But probably not Madrid or Tokyo.

I wasn't born in Chicago but I choose to live here over anywhere else, which should be proof enough that I love this city. Nevertheless, I'm at best ambivalent about a Chicago Olympics. I like the Olympics a lot, but I also like sunsets. I've never felt an urge to be any closer to either of them than I already am.

The people who want to bring the Olympics to Chicago promise the event will deliver jobs by the tens of thousands and that cash will rain on the city like shotput-sized hail. Other people who study the history of such things say, maybe, but it's never happened before. When you take into account all the costs of staging an Olympic games, no municipality, including Los Angeles in 1984, has ever shown a net profit from the Olympics. Montreal spent 30 years repaying its Olympic debt.

Maybe that guy in Copenhagen should announce instead, "For agreeing reluctantly to take on the cost and inconvenience of the summer games, the International Olympic Committee wishes to thank..."

Of course, there are intangible benefits to having the Olympics, and if we get them I don't doubt I'll feel both excitement and pride when the games actually roll around and this beautiful city is showcased for the world. I'll be thrilled for local athletes who suddenly find their backyard transformed into the biggest stage on the planet. I have friends and family in Atlanta and none of them seem to have any regrets about the Olympics there. Still, I'm not sure what I'd risk for such abstract and distant pleasures and the bid team knows this, which is why they make it sound like the very economic future of the city depends entirely on javelins being tossed about in Washington Park.



Last spring I got a call from a guy at a decent-sized advertising agency in Chicago (not the one for which I used to work). They were producing some videos for Chicago 2016 and they had an idea to ask some Chicago writers to contribute copy for the voice over. There was a catch, though. Several actually. It had to be done fast, it had to be great, and they were working pro bono so they couldn't pay me.
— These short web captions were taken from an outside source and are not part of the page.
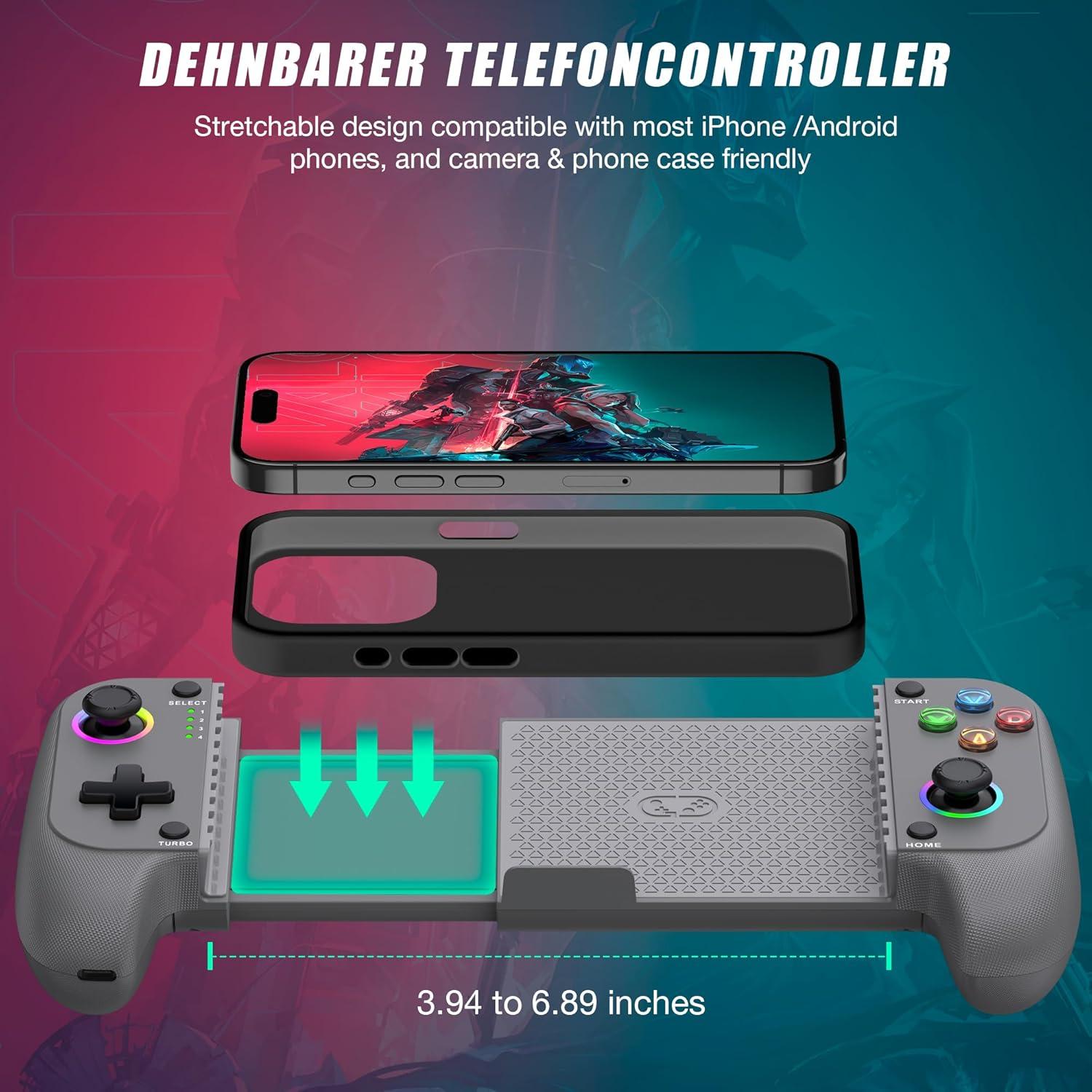 CYOYPPY Mobile Game Controller for iPhone/Android Wireless gaming controller Support Phone Case - Compatible with Xbox Game Pass, PlayStation, Steam Link, Call of Duty, Roblox & Minecraft (Grey)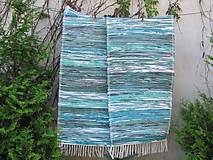 Ručne tkaný koberec - zeleno tyrkysový 70 x 150 cm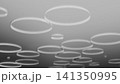 Abstract ceiling with glowing circular light rings 141350995
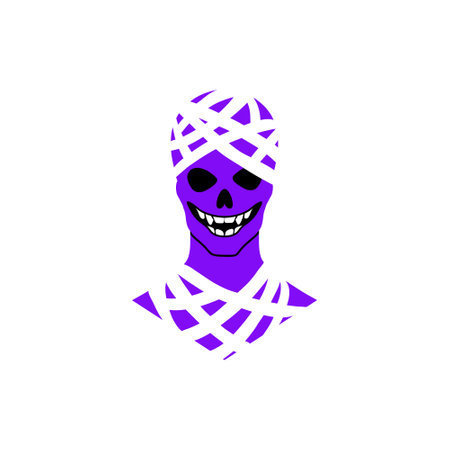 Portrait of a cheerful mummy in doodle styleのイラスト素材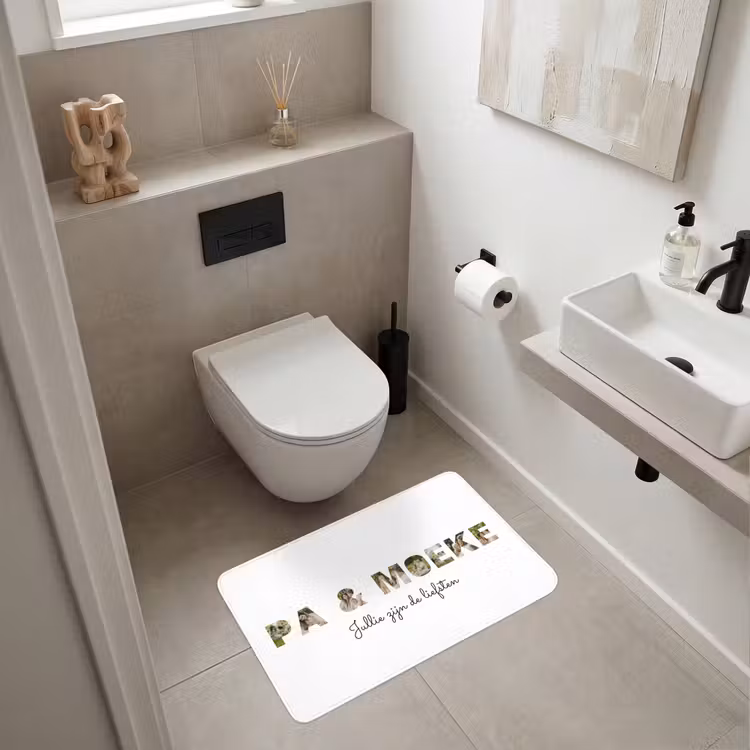 Gepersonaliseerde WC Mat - Pa & Moeke - Lettercollage — 6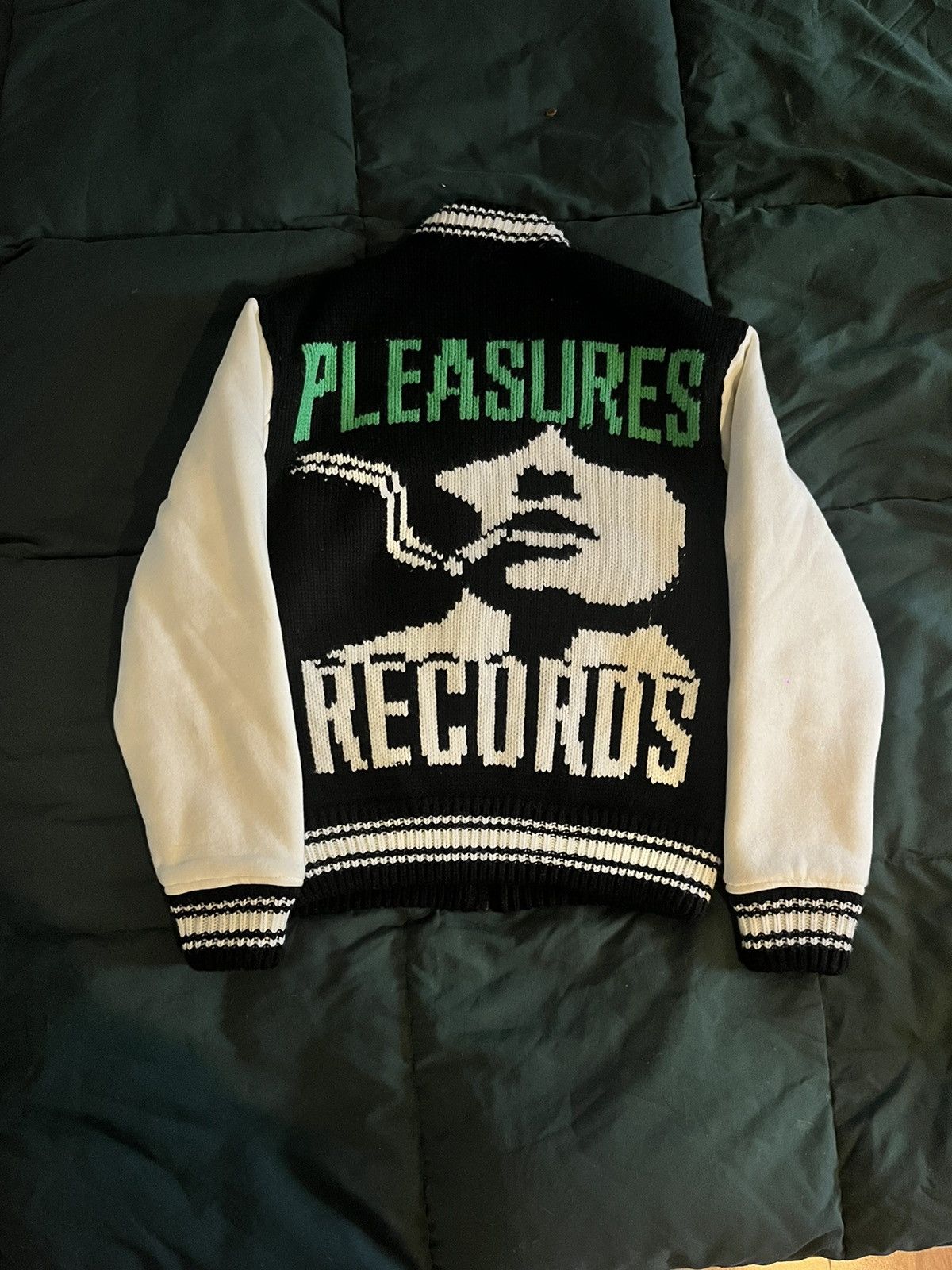 Pleasures SMOKE KNITTED VARSITY JACKET | Grailed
I was too busy to work on a fire drill project so I didn't have to sift through my Olympic ambivalence before coming up with an answer. But after I hung up, something bothered me about the request. It wasn't just that they didn't want to pay me. I wondered more about why Chicago 2016 wasn't paying the ad agency.

The old joke ad folks usually tell clients when they walk in the door is this: "We can do great work, we can do fast work, and we can do cheap work. You get to choose two." But from this agency the bid committee was asking for all three.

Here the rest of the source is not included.